TASK ITEM: Exactly and only the lines from the line holding "UC Chorale - Paraiso (Rehearsal Uli)" to the end of the records should be reproduced. Leave pictures out.

BEGIN GIVEN RECORDS

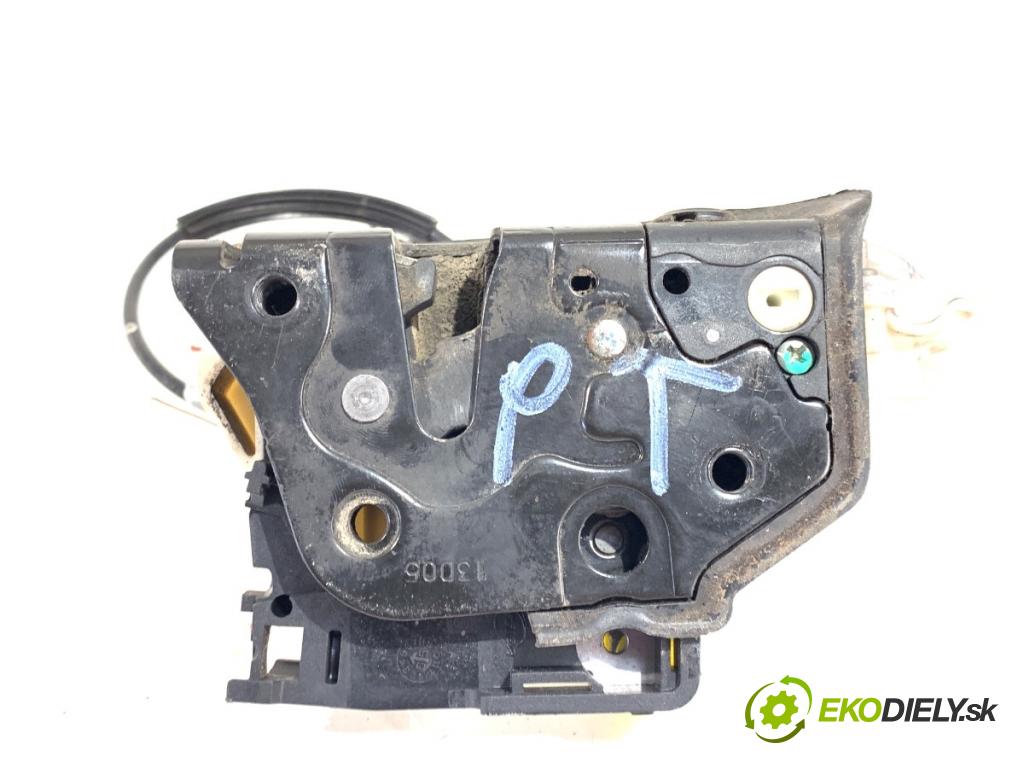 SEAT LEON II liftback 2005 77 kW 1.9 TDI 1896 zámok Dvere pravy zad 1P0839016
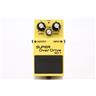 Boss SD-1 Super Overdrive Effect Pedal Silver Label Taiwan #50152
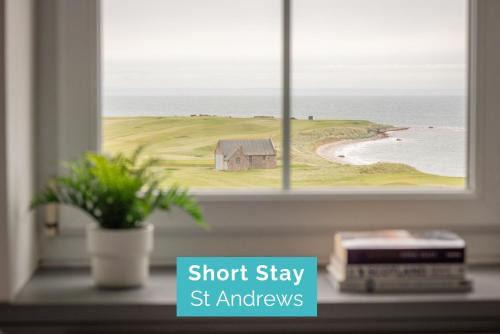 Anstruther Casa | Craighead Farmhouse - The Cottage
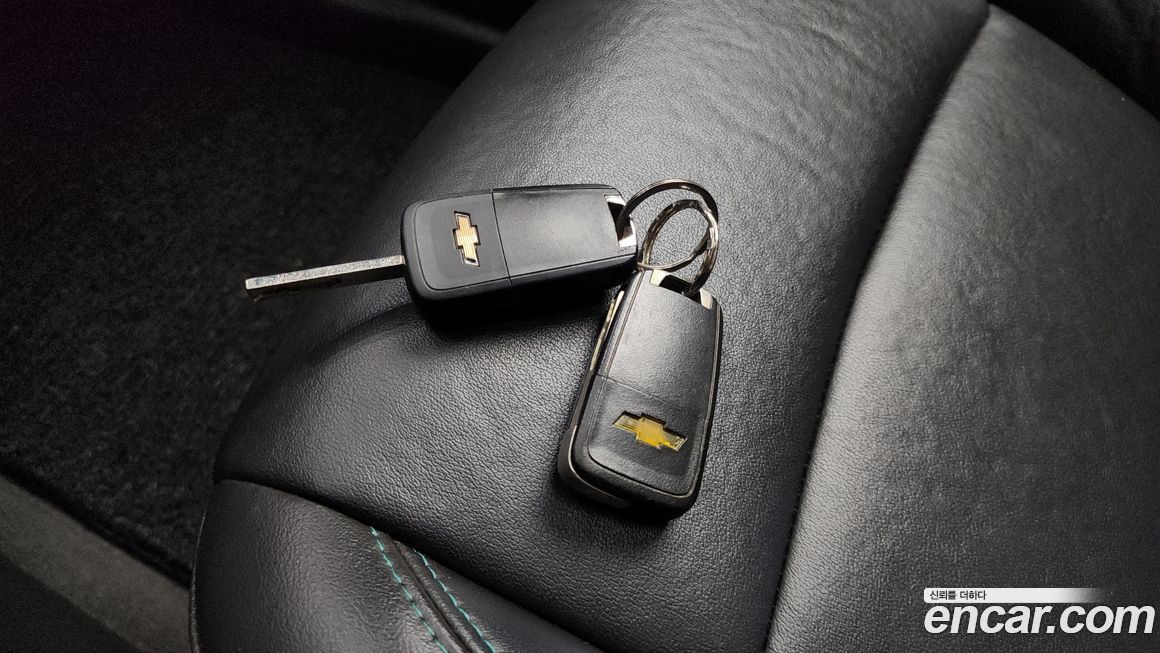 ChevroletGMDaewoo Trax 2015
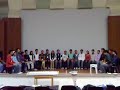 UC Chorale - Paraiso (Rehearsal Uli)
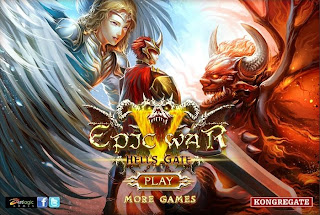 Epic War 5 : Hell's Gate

END GIVEN RECORDS

ANSWER SECTION:
 UC Chorale - Paraiso (Rehearsal Uli)
 Epic War 5 : Hell's Gate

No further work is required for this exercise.